Member of the Riksdag
- In office 2 October 2006 – 26 September 2022
- Constituency: Kalmar County

Personal details
- Born: Jan Richard Andersson 5 December 1970 (age 55) Nederluleå parish, Norrbotten County, Sweden
- Party: Moderate Party
- Occupation: Political secretary

= Jan R. Andersson =

Swedish politician

Jan Richard Andersson (born 5 December 1970) is a Swedish politician of the Moderate Party. He was a member of the Riksdag from 2006 to 2022, representing the Kalmar County constituency.

==Early life and education==

Andersson attended the four-year technical programme at Midskogsskolan in Luleå, graduating in 1991. He subsequently completed military service and reserve officer training at the Göta Engineer Regiment and the Swedish Army Field Works Centre in Eksjö, finishing in 1993. He later studied at the University College of Luleå and Umeå University between 1994 and 1997.

==Political career==

Before entering the Riksdag, Andersson worked as a political secretary for the Västerbotten County Council from 1996 to 1998 and for Kalmar Municipality from 1999 to 2006.

He served as a member of the Luleå municipal council from 1992 to 1994 and was elected to the Kalmar municipal council in 2002. He was also vice-chair of Kalmar Municipality's Children and Youth Committee from 2002 to 2006 and served on the board of the Regional Federation of Kalmar County.

Andersson became a member of the Riksdag following the 2006 Swedish general election. He served as an ordinary member from 2 October 2006 until 8 March 2020, was on leave between 9 March and 21 June 2020, and returned as an ordinary member from 22 June 2020 until 26 September 2022.

He was a member of the Committee on Health and Welfare from 2006 to 2011, the Committee on Justice from 2011 to 2014 and the Committee on Defence from 2014 to 2022.

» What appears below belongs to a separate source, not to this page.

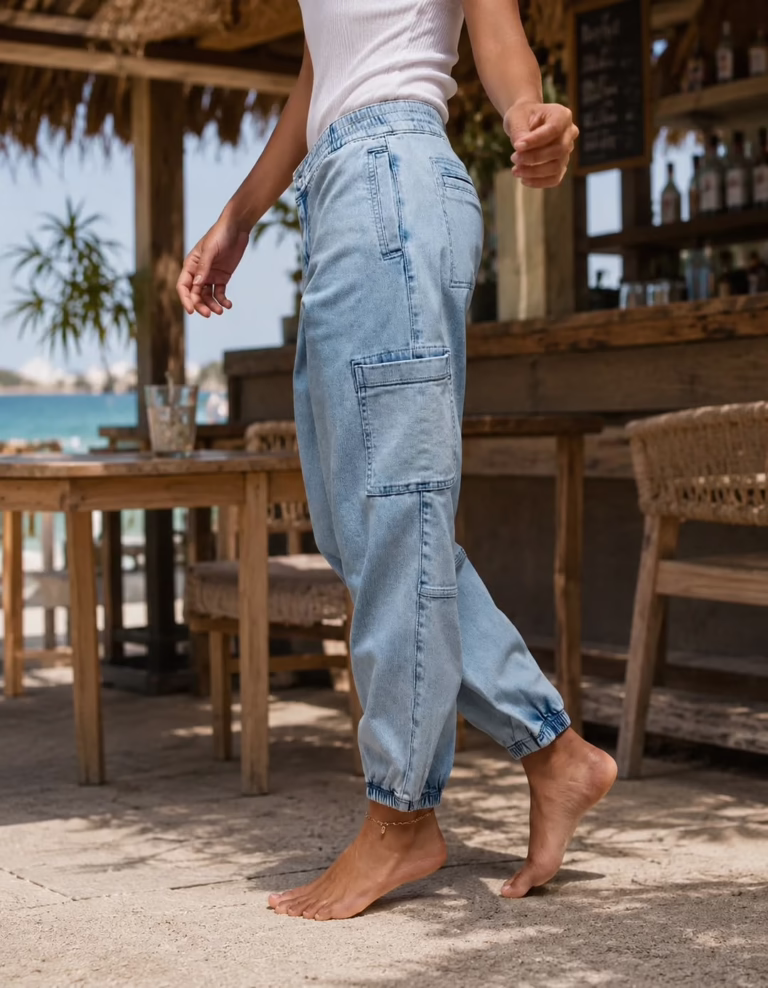 ICYMI-Denim Joggers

Andersson also served as a deputy member of the Committee on Civil Affairs from 2006 to 2010, the Committee on European Union Affairs during parts of the periods 2007–2010 and 2018–2022, and the Swedish delegation to the Parliamentary Assembly of the Organization for Security and Co-operation in Europe from 2014 to 2018.

In 2011, while serving on the Committee on Health and Welfare, Andersson criticised needle and syringe exchange programmes. During a radio discussion, he argued that encouraging people who injected heroin to smoke the drug instead could reduce the transmission of blood-borne infections.

==Honours==

- Sweden: Medal of the Riksdag, 12th size, 22 June 2022.